Every positive thing one can experience, from the simplest joy of opening one’s eyes and enjoying the view, is still a positive, despite any level of suffering that is happening at the time. The pain cannot take that positive away. Joy is not “the absence of pain”.

Such positive values do exist for anyone who is conscious at all. As I quoted from Eioul, “only a real nihilist may say existing at all is an excruciating horror.” You exist for the sake of enjoying those values, and every action you take should be for the sake of that end.

Reducing suffering is a means to an end

There is always room for rational risk-taking as a means to pursue one’s values, even significant risks. Risking one’s life in a military context, for example, is the defense of one’s life, it is the pursuit of life and the pursuit of happiness. It is exactly the opposite of making a deliberate choice to die. An irrational risk is a tradeoff in which the reward, in terms of one’s life and happiness, is less than what one is risking. In the case of suicide, one is sacrificing one’s life and happiness entirely – there is no tradeoff at all there! A soldier is risking his life for the sake of his quest to pursue life and happiness. Suicide does not serve such a quest.

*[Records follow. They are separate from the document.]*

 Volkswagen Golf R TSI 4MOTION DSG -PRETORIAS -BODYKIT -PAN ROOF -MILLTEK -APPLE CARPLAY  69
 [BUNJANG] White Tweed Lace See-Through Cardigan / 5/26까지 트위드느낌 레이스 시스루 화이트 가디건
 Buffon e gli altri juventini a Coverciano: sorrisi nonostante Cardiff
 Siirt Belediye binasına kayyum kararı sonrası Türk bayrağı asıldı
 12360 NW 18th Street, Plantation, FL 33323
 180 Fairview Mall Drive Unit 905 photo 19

And this is not to say that pain is a good thing, either; pain is a miserable evil that ought to be fought. Pain and suffering are terrible afflictions, and if someone you loved were suffering, you would want to do everything you can to help them find relief. Pain medication is a good thing. Even if one wanted to risk one’s life with a dangerously high dosage it can be worth it. Pain interferes with one’s thinking, one’s values, and one’s actions. A person in tremendous pain can and sometimes should take a dangerous risk with pain medication in order to bring themselves to a more functional level, and it would be right to assist them in doing so. There is always room for rational risk-taking, even significant risks like in military contexts, or in this case taking high doses of pain medication. There is a risk, but it is a rational risk taken for the sake of a reward; it is ultimately for the sake of life and happiness.

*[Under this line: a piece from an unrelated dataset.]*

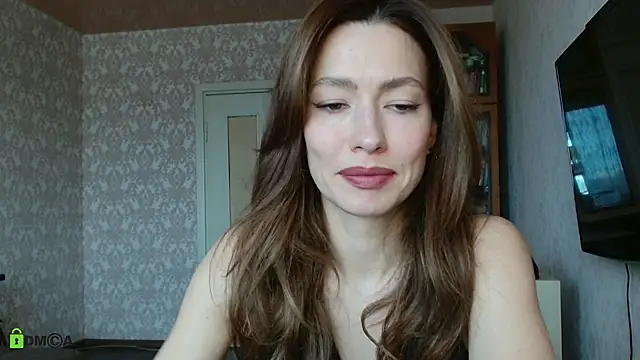 alicia spicy online show from October 11, 2025, 10:47 am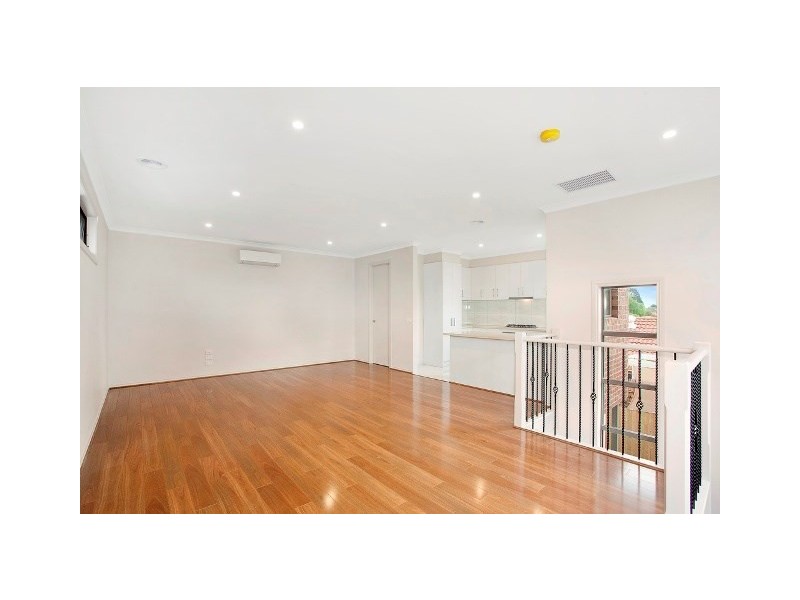 3/172 Kangaroo Road, Hughesdale VIC 3166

The pursuit of eliminating suffering is a good up until the point that it becomes an absurdity: where you are sacrificing your ultimate value – your life – for a lesser value: the relief of suffering. That is not a moral choice.

***

1) Gotthelf, “The Choice to Value,” p. 44

2)

She had to escape from Jim, she thought. Where?–she asked, looking around her with a glance like a cry of prayer… the harder she worked, the more malevolence she would draw from the people around her, and she would not know when truth would be expected of her and when a lie, but the stricter her honesty, the greater the fraud she would be asked to suffer at their hands…

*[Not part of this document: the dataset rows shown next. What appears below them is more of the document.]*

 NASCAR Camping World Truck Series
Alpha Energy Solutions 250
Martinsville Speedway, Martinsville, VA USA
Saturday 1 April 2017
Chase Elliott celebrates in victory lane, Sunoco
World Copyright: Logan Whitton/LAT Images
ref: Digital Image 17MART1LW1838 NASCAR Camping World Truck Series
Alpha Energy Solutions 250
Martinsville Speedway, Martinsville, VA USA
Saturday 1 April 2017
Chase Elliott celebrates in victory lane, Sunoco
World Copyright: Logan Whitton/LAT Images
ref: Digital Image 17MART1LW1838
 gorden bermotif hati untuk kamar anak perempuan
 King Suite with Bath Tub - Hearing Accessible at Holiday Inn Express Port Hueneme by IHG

Now she knew that they were not exceptions, that theirs was the code accepted by the world, that it was a creed of living, known by all, but kept unnamed, leering at her from people’s eyes in that sly, guilty look she had never been able to understand–and at the root of the creed, hidden by silence, lying in wait for her in the cellars of the city and in the cellars of their souls, there was a thing with which one could not live.



Then the girl screamed–and the scream went beating against the blank walls of the street as in a chamber of torture, an animal scream of terror. She tore her arm loose and sprang back, then screamed in articulate sounds: “No! No! Not your kind of world!”